Birdie Boone, an artist that I was introduced to during the 2015 NCECA Conference (not personally introduced, but that would have been wonderful). Birdie actually received a B.A. in Fine Arts from The College of William and Mary in Virginia in 1994, and her B.F.A. in Artisanry/Ceramics from the University of Massachusetts in 2005. She is most known for her long term standing at the Archie Bray Foundation for the Ceramic Arts from 2007-2009. Boone is also known for her tableware and researching the social tendencies and their effects on personal identity.

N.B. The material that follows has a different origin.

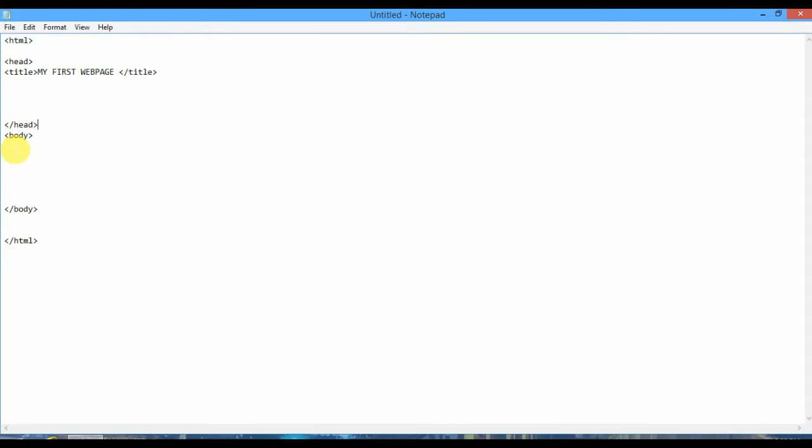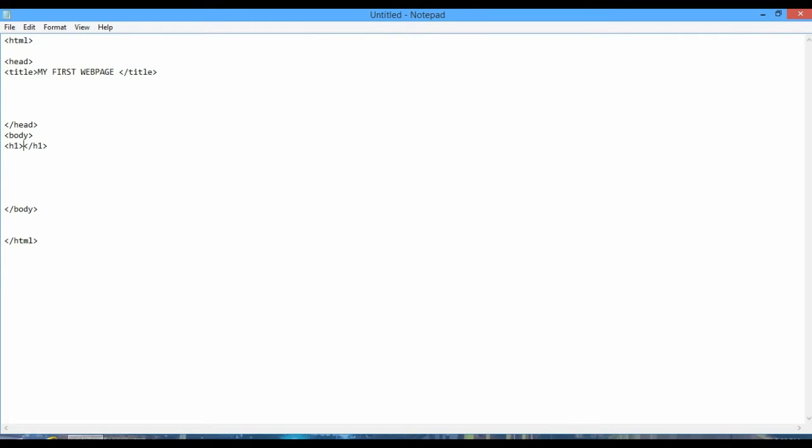Next I am writing here another tag that is very important. It is H1 tag. H1 tag and H1 tag close. H1 tag is a heading tag and there are six types of heading tags: H1, H2, H3, H4, H5, and H6. I am writing here another text like 'this is my page'.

Boone is about simplicity and form. She keeps most of her forms rather understated and these require the viewer to physically have them in their hand to notice the subtle details. Most of her pieces, like the one above, possess a domestic characteristic; thus they serve a purpose. Not only do they serve this purpose, the artwork subjects itself to open possibilities of affecting their users senses. Birdie’s work, as simple as it seems, affects the world around it. This vase-like form above not only serves the purpose of holding the flowers but it also activates the space around the flowers. Instead of seeing a typical centerpiece the viewer is invited to everything in it and around it as well.

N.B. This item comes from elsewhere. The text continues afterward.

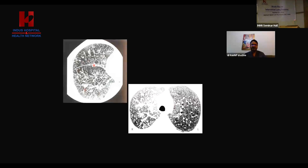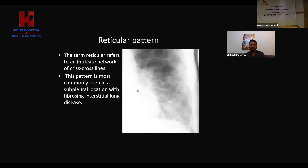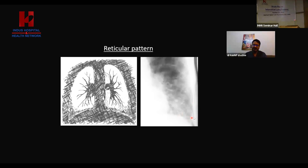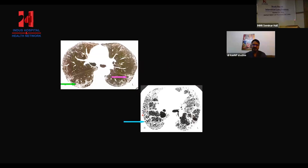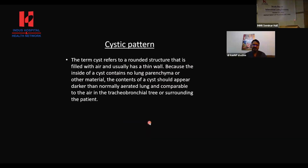Reticulation is actually the depiction of an ongoing fibrotic process. There are two types: fine reticulation and coarse reticulation. As the disease advances, the reticulation becomes more coarse. These reticulations always start from the periphery, from peripheral to central, and from lower zones to upper zones. Cystic parenchymal changes are secondary to pulmonary fibrosis, and there are multiple types of cystic changes.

I was attracted to Birdie’s pieces when I saw them within one of the booths during NCECA. I found them so enticing to look at for not only their beautiful glaze application but also for the simplicity. There were so many other things going on around me and yet her pieces grabbed my attention. It was at this point too that I felt inspired by her form to create something similar but far more dramatized (mostly the bottom form). Her process and forms are what currently give me inspiration.